Just an eight-hour drive from Reykjavik, the East Fjords make up one of the best areas for long distance hiking in Iceland. Crisscrossed with an extensive network of hiking trails called the Víknaslóðir, or "The Trails of the Inlets," this region remains one of the country's best-kept secrets. You would need more than a week to see it all, but you can cover a scenic 45-mile (74 km) route through majestic fjords from Seyðisfjörður to Borgarfjörður in just three days.

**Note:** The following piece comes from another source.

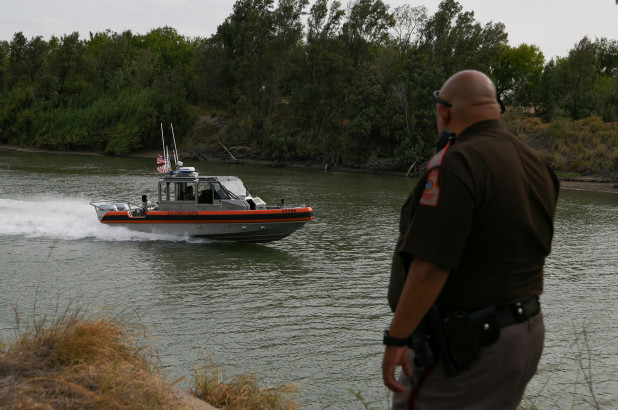 A U.S. Coast Guard boat deployed for U.S.-Mexico border security operations navigates the Rio Grande.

There are multiple ways to reach your starting point in the town of Hofströnd. By car, take the Ring Road (also known as Highway 1) from Reykjavik to Borgarfjörður Eystri 425 mi (684 km). Alternatively, you can take a domestic flight from Reykjavik Domestic Airport to the nearby town of Egilsstadir. This is a one-way trek; when you reach the end, you can take a bus from Seydisfjordur to Egilsstadir where it's easy to pick up a rental car or catch a return flight via the Egilsstadir Airport. Alternatively, the Norrona Ferry arrives in Seydisfjordur from Denmark by way of the Faroe Islands every Thursday during the summer.

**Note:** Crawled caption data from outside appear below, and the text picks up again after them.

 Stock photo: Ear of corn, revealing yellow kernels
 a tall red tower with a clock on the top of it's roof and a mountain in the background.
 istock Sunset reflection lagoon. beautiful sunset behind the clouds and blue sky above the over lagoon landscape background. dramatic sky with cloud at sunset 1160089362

If you're looking for a more streamlined experience, local companies do offer self-hiking tour packages that include transport from Egilsstadir and pick-up in Seydisfjordur. For an extra cost, there are options like porter services for heavy gear, as well as mountain hut accommodations along the route.
Day 1: Borgarfjörður - Breiðuvík
The trek begins in the eastern part of Borgarfjörður in the town of Hofströnd. Start by walking to Brúnavík, the first inlet of the day, taking in the stunning North Atlantic views along the way. From there, you'll head to Breiðuvíkur: a farmstead on the little cove of Kjólsvik that was active until the 19th century. Walk onward to Glettinganes - the trail isn’t long, but it is rocky, so exercise caution. The day ends with an evening at a cabin near the beaches of Breiðuvík.
Distance: 9.9 miles (15 km)
Duration: 5-7 hours
Day 2: Breiðavík - Húsavík - Loðmundarfjörður
The valley of Breiðavík, originally settled in the 13th Century, is a beautiful place to wake up, with sweeping views of the surrounding landscape. From there, head west across the Stóruá River. As the trail turns south you'll arrive at Húsavik, a large bay surrounded by three prominent mountain peaks: Hvíthnjúkur, Hvítafjördur, and Hvítkerk. Spend some time exploring a historic church, built in 1937, before starting your walk to Loðmundarfjörður, where the collapse of a mountain thousands of years ago still marks the dramatic landscape.
Distance: 8.7 miles (14 km)
Duration: 4-6 hours
Day 3: Loðmundarfjörður- Seyðisfjörður
Travel down through Loðmundarfjörður, a site consisting of multiple abandoned farmhouses and another weathered church, this one built in 1891. Head southward to the old town of Hjálmárströnd, where slippery snow can persist on the trail into the summer. At this point, you'll be enjoying magnificent views of the southern fjords, making the uphill sections of trail feel more than worth the effort. Then, hike down the steep, narrow slope at Kækjuskord, finally arriving at Seyðisfjörður.
Distance: 8.7 miles (14 km)
Duration: 6-8 hours
When to Visit
Though weather can be unpredictable throughout the year, you'll have the best chance of sunshine in the summer months, specifically July and August. Summer also brings long daylight hours, giving you plenty of time to reach your destination each day. If you're interested in visiting during the winter months, you'll face the challenges of cold temperatures, more extreme elements, and less hiking time each day - if you're interested in winter travel in Iceland, our local specialists can put together a guided tour that meets your needs. No matter when you decide to travel, wear waterproof layers and be prepared for quickly changing conditions, including significant wind and rain.
Before You Go
You can pick up any supplies you might need at Bakkagerði Village in Borgarfjörður, or in Seydisfjordur if you’re spending the night at the end of your trek. Make sure to register your hiking trip with ICE-SAR, Iceland's search-and-rescue association, well in advance, and check their website regularly for weather and hiking conditions.